OpenAI has begun showing off its GPT-5.6 series to a small circle of trusted partners, with a wider release planned for the coming weeks. The new series comes in three versions: Sol, Terra, and Luna, each aimed at a different type of user and use case. As reported by Engadget, the company positioned Sol as its most capable model to date, while Terra and Luna target cost-conscious users who do not need maximum performance.
The rollout is not entirely business as usual. OpenAI gave the US government a preview of GPT-5.6 before making it available to partners, and the partner preview itself is happening partly because the administration requested it. The company says partners in the preview are ones “whose participation has been shared” with the government. OpenAI was quick to note this is a short-term arrangement. “We don’t believe this kind of government access process should become the long-term default,” the company wrote in its announcement.
That context matters. President Trump signed an AI cybersecurity order earlier this month asking companies to submit their most powerful models for voluntary government review 30 days before any public release. According to a recent New York Times report, OpenAI, Anthropic, Google, xAI, and Microsoft had already been giving the government early access to their models even before the order was signed. Meta was the only holdout, and the US government has reportedly been pushing it to follow suit.
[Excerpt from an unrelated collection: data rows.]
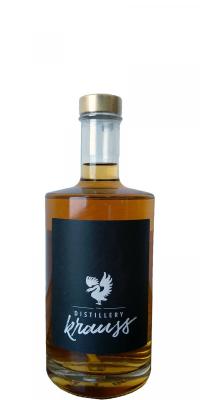 Distillery Krauss 3yo American Oak Barrel 500l L18SM 48% 500ml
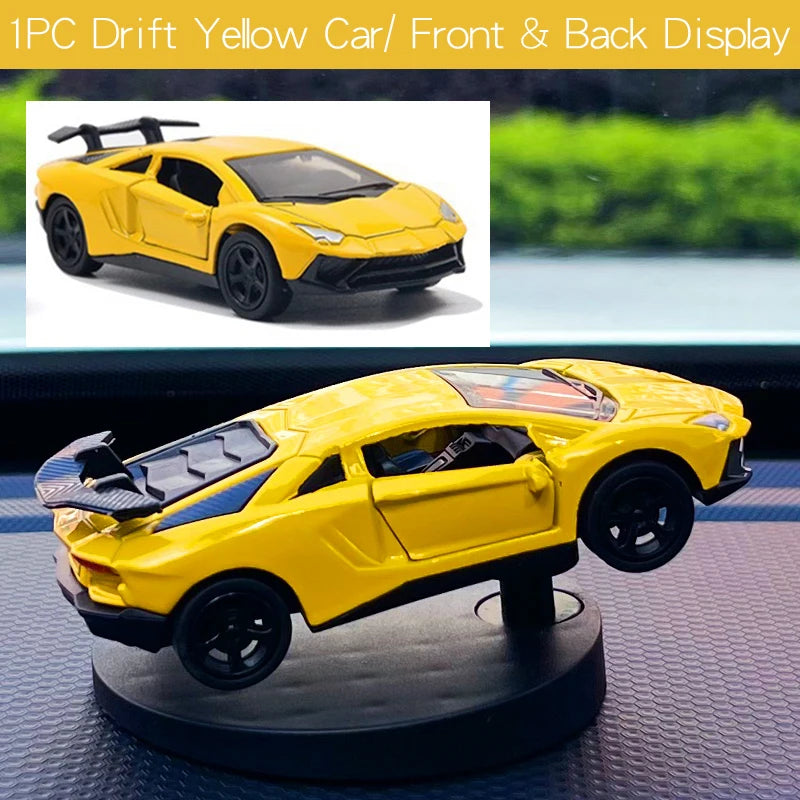 Mydemons™ Drift Car In Dashboard
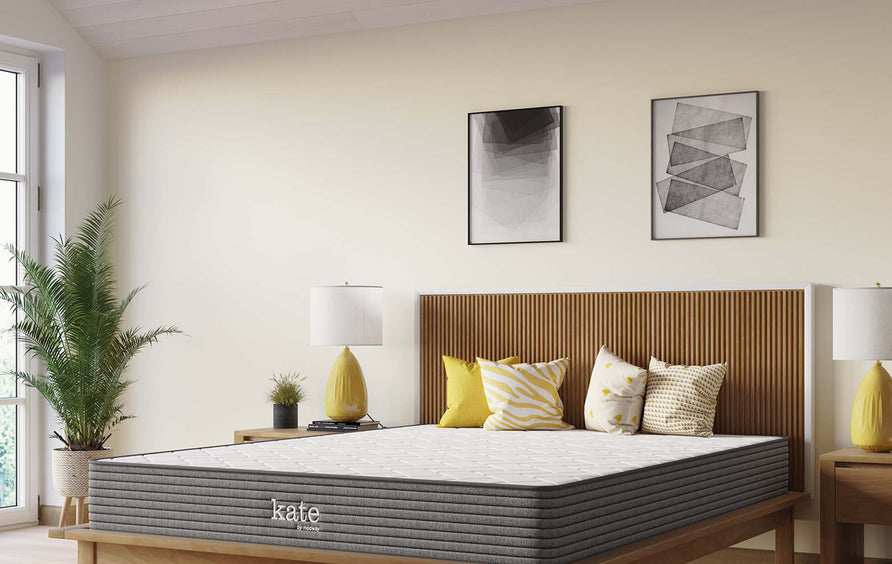 Orion 8" Queen Mattress, Mattresses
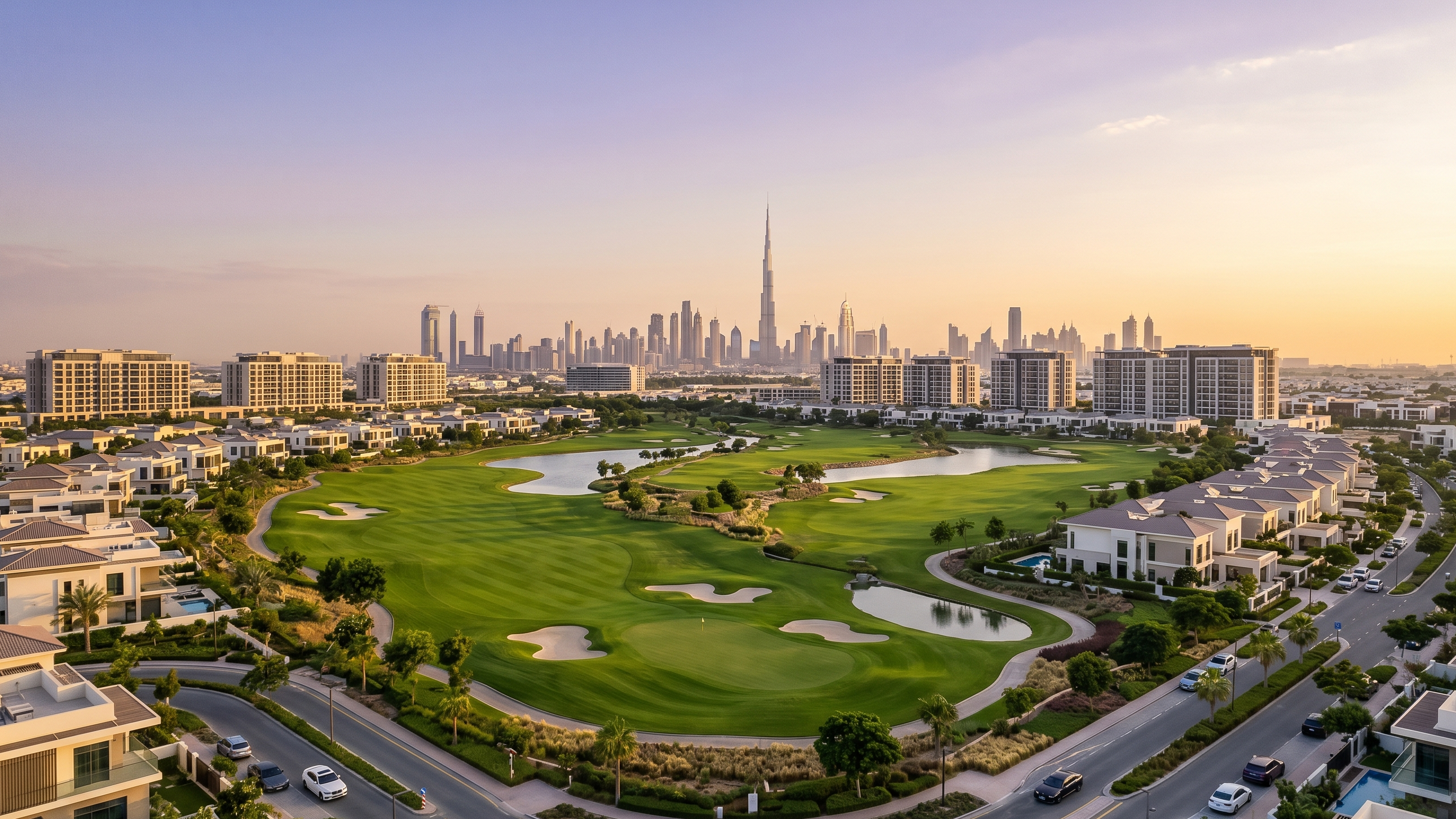 Dubai Hills Estate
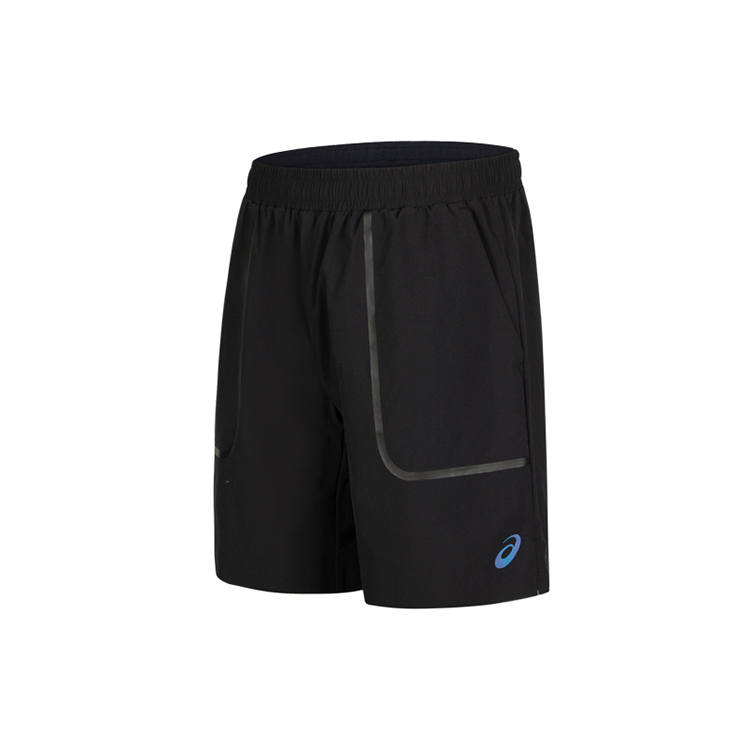 ASICS ASICS Casual Shorts Men's Black Moderate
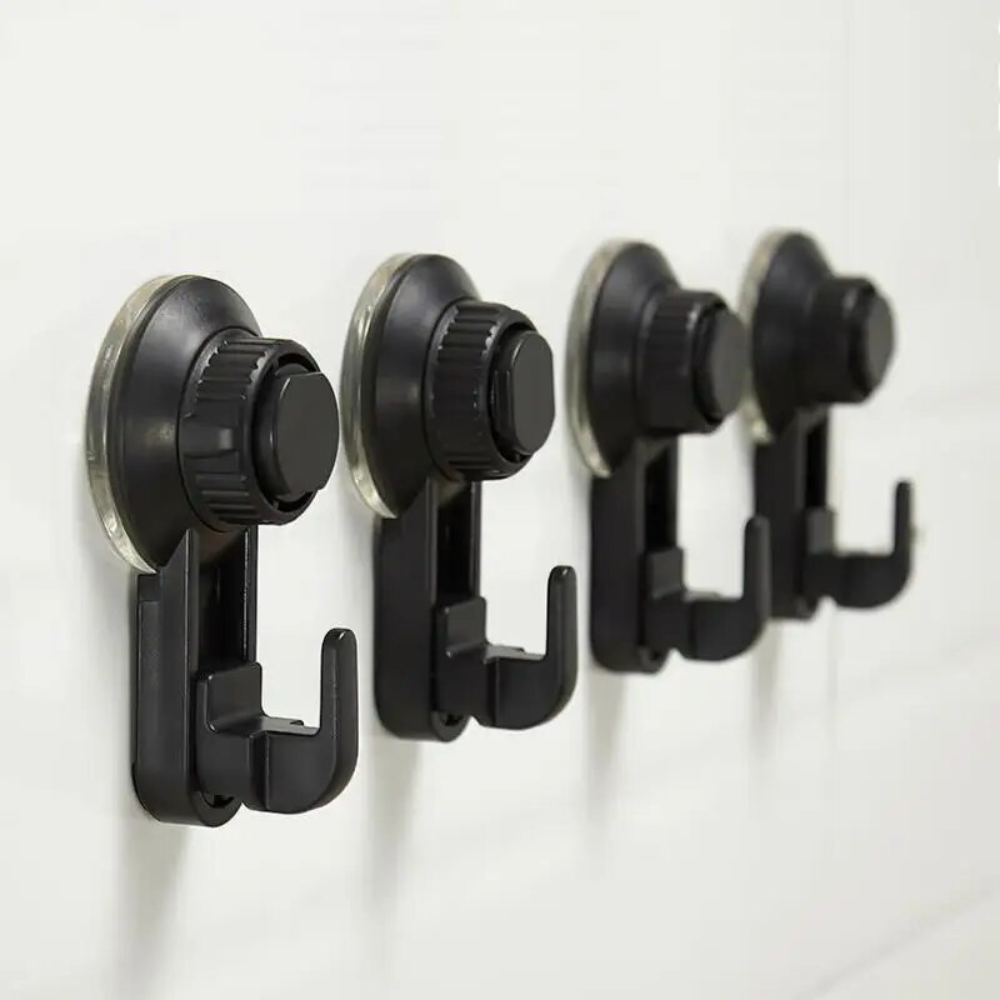 VIMEDA | Suction Cup Hooks™  (2+2 GRATIS)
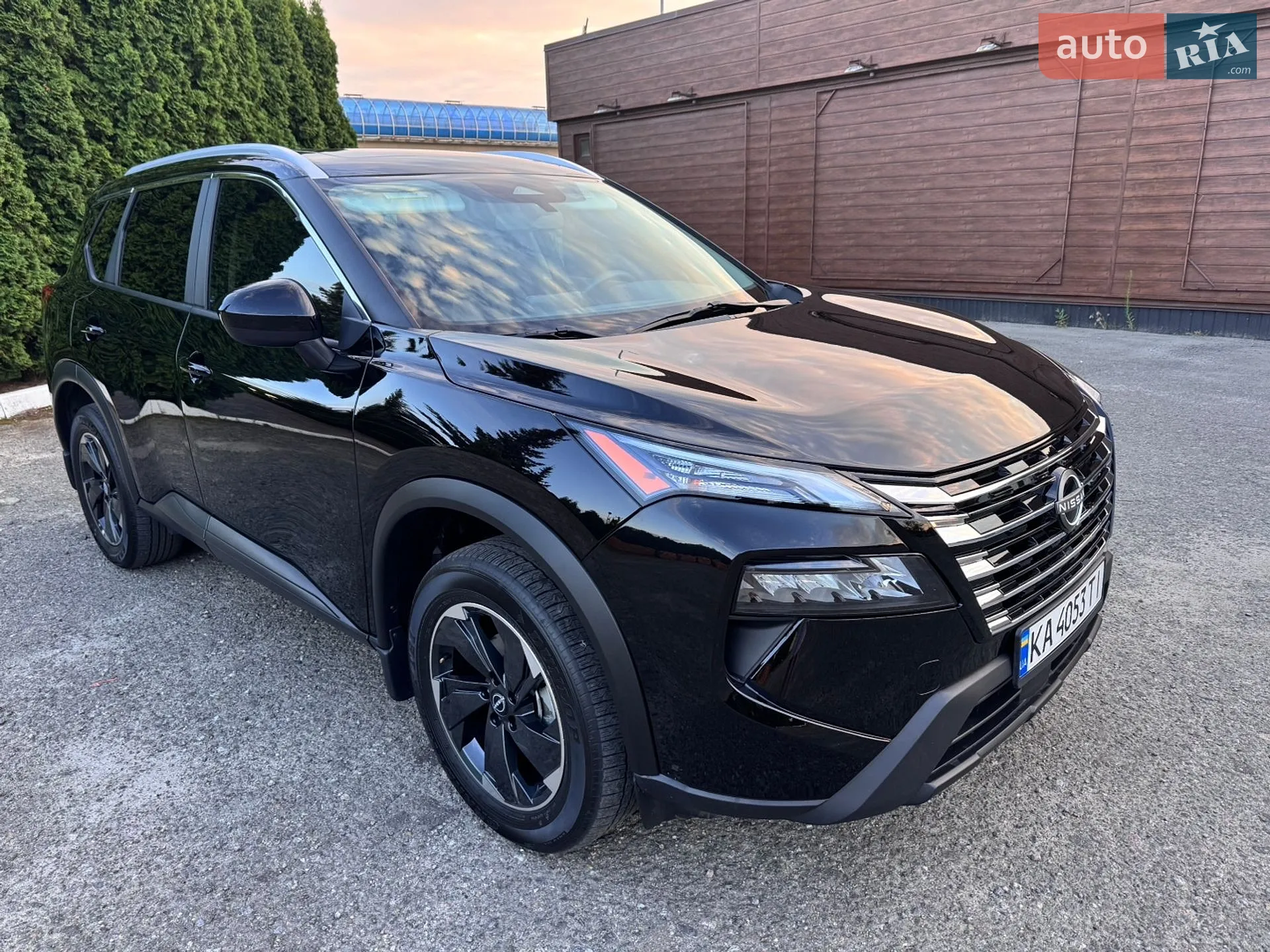 Nissan Rogue, 2024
The three variants in the GPT-5.6 series are clearly differentiated by capability and price:
- Sol is the flagship model, built for deep reasoning and cybersecurity work. It includes a new “max” reasoning effort mode that gives it more time to think through complex problems. OpenAI says Sol is its best model for finding and fixing software vulnerabilities.
- Terra is designed for everyday tasks. OpenAI says it performs similarly to GPT-5.5 but costs half as much.
- Luna is the cheapest option in the series, aimed at high-volume, lower-stakes tasks.
Pricing for the series reflects that tiered structure. Sol costs $5 per million input tokens and $30 per million output tokens. Terra comes in at $2.50 for input and $15 for output. Luna is the most affordable at $1 for input and $6 for output. For comparison, Anthropic’s Fable model, before it was pulled from availability, cost $10 per million input tokens and $50 per million output tokens, making Sol a notably cheaper option for high-end AI work.
Security is a major theme running through the GPT-5.6 launch. OpenAI says it spent several weeks stress-testing the models before release, looking for weaknesses and hardening them against real-world attacks. The company also trained all three variants to refuse what it calls “prohibited cyber assistance,” which includes attempts to jailbreak the model. It dedicated 700,000 GPU hours to finding universal jailbreaks and developing defenses against them. OpenAI also says it will run a rapid-response process to identify and address newly discovered jailbreaks going forward.
That focus on jailbreak prevention comes at a sensitive time for the industry. A few weeks ago, Anthropic suspended access to its Mythos 5 and Fable 5 models following a government directive. The company did not officially explain why, but reports indicated that Amazon and other companies had alerted authorities that the models could be jailbroken for malicious use. Access has since begun to be restored after the US government gave Anthropic permission to redeploy Mythos to a select group of organizations. OpenAI’s aggressive approach to jailbreak prevention looks like a direct response to that situation, an attempt to avoid a similar outcome with its own models.
The broader picture here is that AI companies are operating in a new regulatory environment where government oversight is no longer theoretical. The preview process for GPT-5.6 shows how quickly that relationship between the AI industry and Washington has shifted, and how much companies like OpenAI are now building their release strategies around it.